Starring Jet Li and Jason Statham. Rated 18A.
Revenge flicks are about unpleasant people doing unpleasant things; you have to be a bit of a sadist to find such matters entertaining. I do, but my excuse is that the action is comparable to dance sequences in musicals no one's really getting their arms chopped off or brains blown out in these things. As with screen lovers who burst into fully orchestrated song in the middle of a date, we look not for believability, but style, wit, and panache.
Accordingly, War had the makings of a perfectly decent revenge flick. The furiously wronged hero is played by Jason Statham, the streetwise lithe Brit of The Transporter series. Veteran wuxia superstar Jet Li plays his nemesis, a mysterious yakuza enforcer known only as Rogue. The fine martial-arts choreographer Cory Yuen is on hand, and the ensemble is filled out with talented character actors John Lone, Mathew St.

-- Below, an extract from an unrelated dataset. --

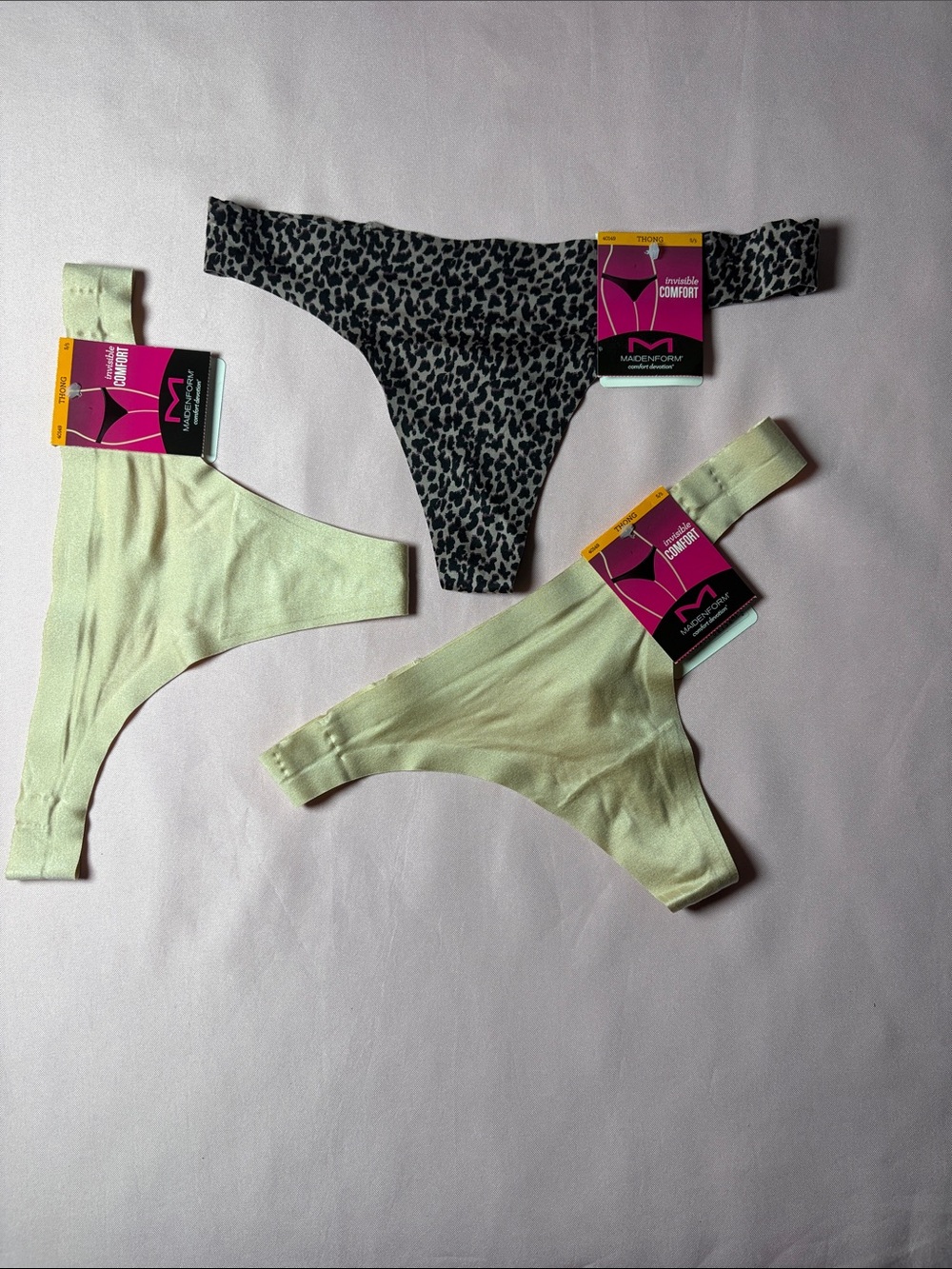 Womenโs Thong bundle of 3 - Leopard and tan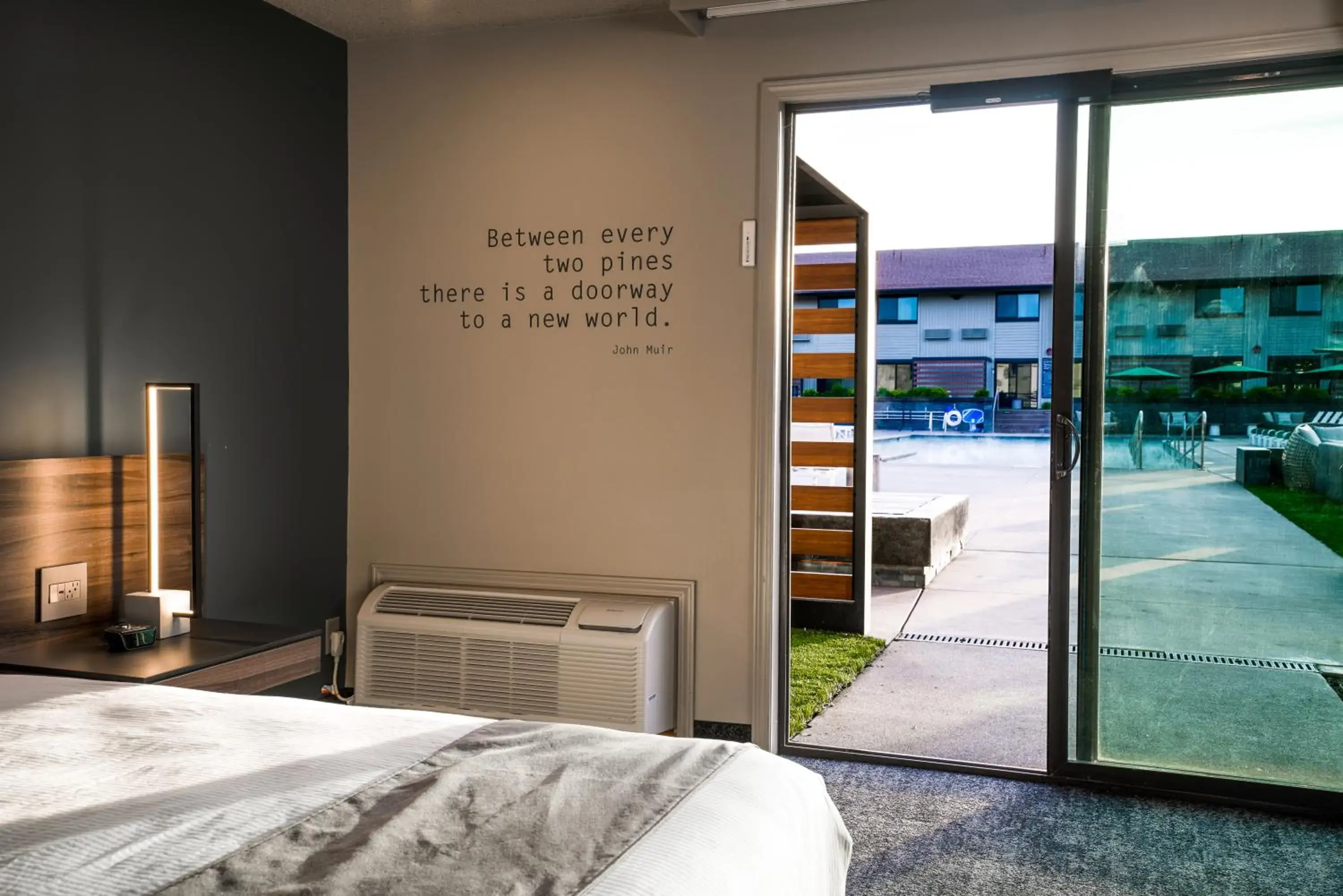 Pool view, Bed in Ruby River Hotel Pool view, Bed in Ruby River Hotel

Patrick, and watchable Luis Guzmán.
With such material, War could have been a chop-socky classic. I was even willing to allow its protracted indulgence in plot as though it matters and obvious gaps in quality such as Statham's shaky accent as an FBI agent, Rogue's hilariously conspicuous "Hi everybody, I'm an assassin!" black outfits and sports car, and the inability of any cast member to correctly pronounce yakuza.
I was even ready to overlook the hideous presence of Devon Aoki reciting dialogue. Just give me the arms being chopped off and brains being blown out. But director Philip G. Atwell, though able to render a decent car chase, is hopeless at portraying action. Astonishingly poor spatial setups mean that you can't tell who's being shot in a gunfight. Ugly editing doesn't help verisimilitude. Multiple betrayals and a clever twist are pointless if friendships and motivations haven't been established beforehand. There's a smattering of chopping and blowing, sure, but if I can neither see nor care about it, what does it matter? It's just sadism, and not the pretend kind.